## TASK TO CARRY OUT
Print this span of the material below exactly: the line with "Hey everyone, welcome", the line with "Then you'll start", and every line between them, but nothing else.

## DATA PROVIDED
..........

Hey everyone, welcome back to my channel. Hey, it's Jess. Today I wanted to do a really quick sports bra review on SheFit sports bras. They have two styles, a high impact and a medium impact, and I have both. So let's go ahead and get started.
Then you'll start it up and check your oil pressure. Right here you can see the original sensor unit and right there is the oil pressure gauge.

..........

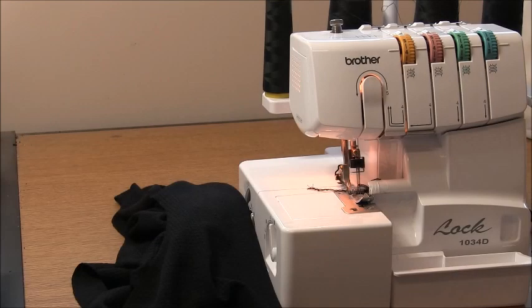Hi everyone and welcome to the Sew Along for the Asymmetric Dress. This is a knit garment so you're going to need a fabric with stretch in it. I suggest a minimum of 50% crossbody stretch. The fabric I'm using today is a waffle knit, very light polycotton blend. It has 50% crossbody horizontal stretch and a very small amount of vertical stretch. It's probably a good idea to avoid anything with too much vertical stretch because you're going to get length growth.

..........

## ANSWER AREA
Hey everyone, welcome back to my channel. Hey, it's Jess. Today I wanted to do a really quick sports bra review on SheFit sports bras. They have two styles, a high impact and a medium impact, and I have both. So let's go ahead and get started.
Then you'll start it up and check your oil pressure. Right here you can see the original sensor unit and right there is the oil pressure gauge.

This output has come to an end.